Additional gains projected were trade (GH¢5.1 billion), transport (GH¢4.3 billion) and improved digital government services (GH¢5.8 billion).
In addition, it projected that the nation could create nearly 450,000 new jobs by 2029 if digital reforms were fully implemented. These include about 190,000 in agriculture, 110,000 in industry, 80,000 in transport and 60,000 in trade.
Recommendations
The report titled “Driving Digital Transformation of the Economy in Ghana”, further stated that in spite of the near-universal 3G and 4G network coverage, only 37 per cent of the population currently used mobile Internet, leaving a 62 per cent usage gap.
It recommended reducing sector-specific mobile taxes, publishing a 5G spectrum road map, enforcing technology-neutral licences, reforming the Universal Service Fund, promoting device affordability, expanding digital skills training, accelerating e-government and modernising regulation to support innovation, strengthen investment and enhance adoption of emerging technologies across the nation’s economy.

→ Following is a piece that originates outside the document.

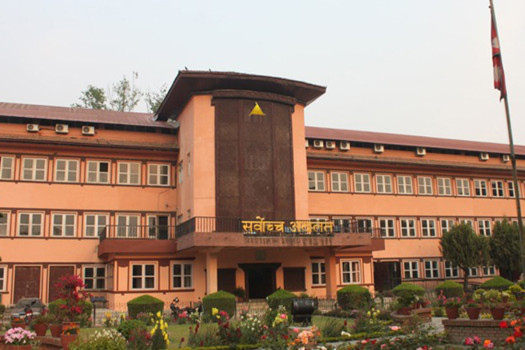 Supreme Court bars schools from new admissions until academic session begins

The Digital Africa Summit Ghana featured an executive session and panel discussions which explored the most pressing issues and opportunities shaping the continent’s digital future - infrastructure investment and policy innovation to AI, connectivity and digital inclusion.
Current reforms
The Minister of Communication, Digital Technology and Innovations, Samuel Nartey George, underscored deliberate reforms driving the country’s digital economy.
He mentioned spectrum release, e-levy removal and technology neutrality as pivotal for competition and innovation.
Ongoing efforts include rural fibre expansion, reduced data costs, and the One Million Coders programme, which had already attracted 90,000 applicants, with 52 per cent being women.
The minister announced 15 draft legislations covering AI, cybersecurity, data protection and start-ups, stressing five levers: affordable connectivity, digital skills, financial inclusion, trust frameworks and government-driven demand for local innovations.
“These are the foundations for growth. Without them, technology remains theoretical and we will not see its performance,” he said.
Mr George further underscored the need to assemble devices locally to make smartphones affordable, create jobs and help close the country’s 62 per cent digital divide, because the high cost of imported handsets remained a major barrier to connectivity.
Removing inefficiencies
The Head of GSMA Africa, Angela Wamola, stressed that the model of using technology to boost productivity applied across all sectors of the country’s economy.
Citing agriculture, she explained that digital tools such as precision farming, market insights and weather data could significantly increase yields and incomes for millions of farmers.
She added that the same principle applied to transport, where inefficiencies at ports and along logistics chains raised costs by as much as 25 per cent.
By leveraging technology, sensors and IoT solutions, Ms Wamola said the nation could cut such costs, unlock greater revenues, and ultimately boost government tax collections.